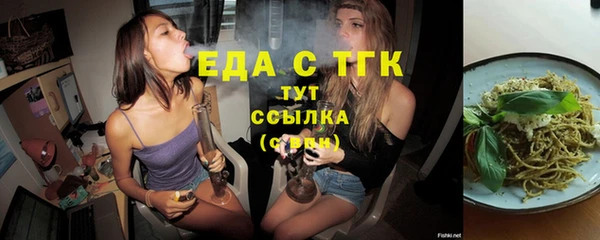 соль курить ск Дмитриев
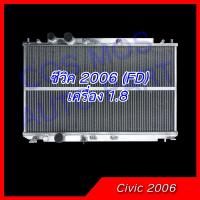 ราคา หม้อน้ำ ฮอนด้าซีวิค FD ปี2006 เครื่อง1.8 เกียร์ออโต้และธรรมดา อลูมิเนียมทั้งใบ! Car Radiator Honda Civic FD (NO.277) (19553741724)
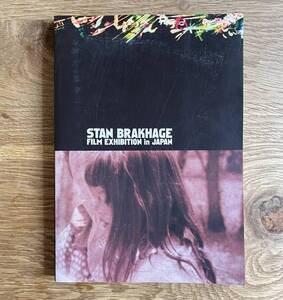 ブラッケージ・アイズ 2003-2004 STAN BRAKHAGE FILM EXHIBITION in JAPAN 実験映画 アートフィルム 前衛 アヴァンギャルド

---

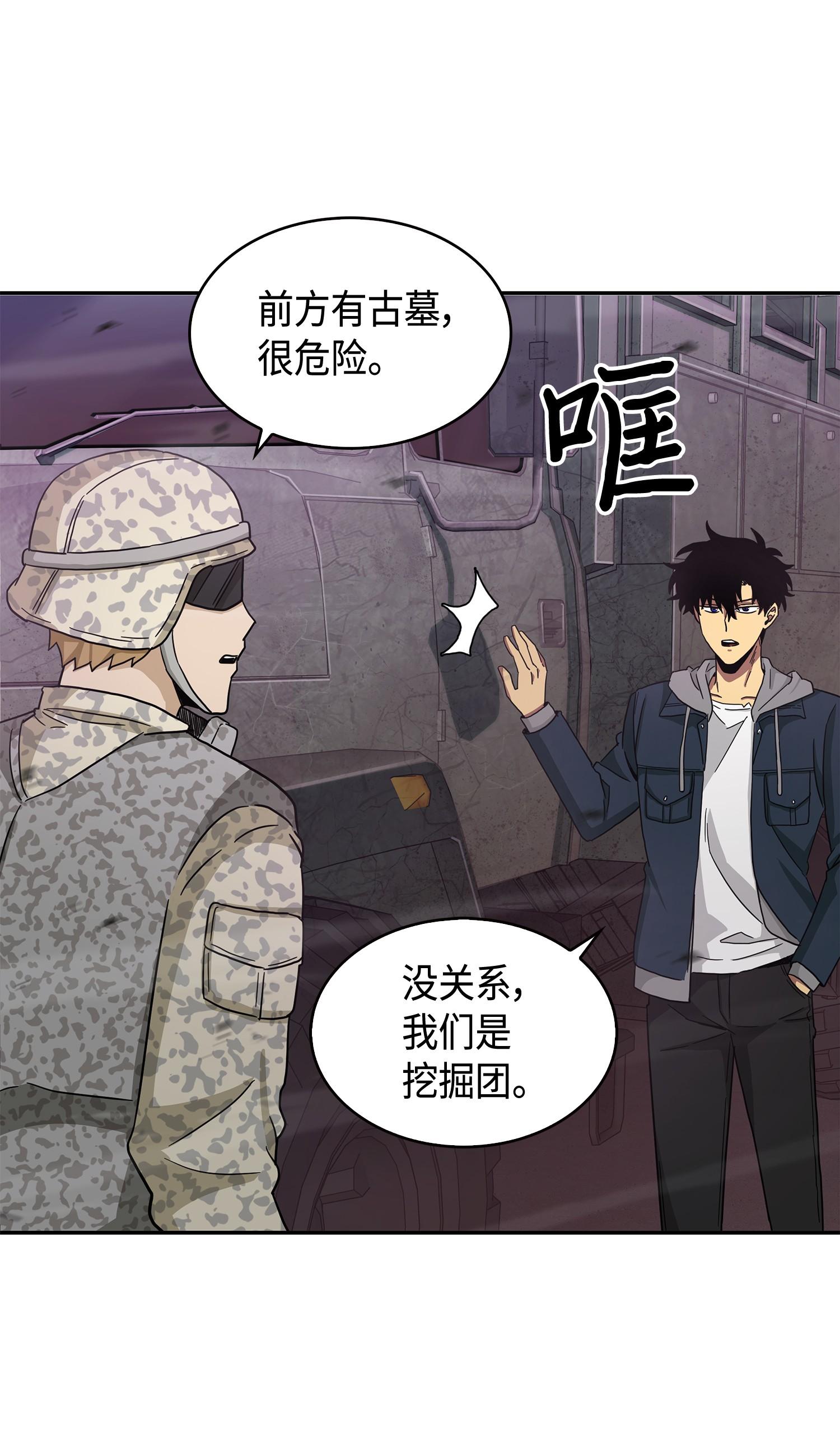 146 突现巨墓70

▶ **INSTRUCTIONS FOR THE TASK**: Every line from the one with "соль курить ск Дмитриев" through the one with "ブラッケージ・アイズ 2003-2004 STAN" is to be reproduced exactly as written above, and the pictures are to be dropped.

▶ **WRITTEN ANSWER**:
 соль курить ск Дмитриев
 ราคา หม้อน้ำ ฮอนด้าซีวิค FD ปี2006 เครื่อง1.8 เกียร์ออโต้และธรรมดา อลูมิเนียมทั้งใบ! Car Radiator Honda Civic FD (NO.277) (19553741724)
 ブラッケージ・アイズ 2003-2004 STAN BRAKHAGE FILM EXHIBITION in JAPAN 実験映画 アートフィルム 前衛 アヴァンギャルド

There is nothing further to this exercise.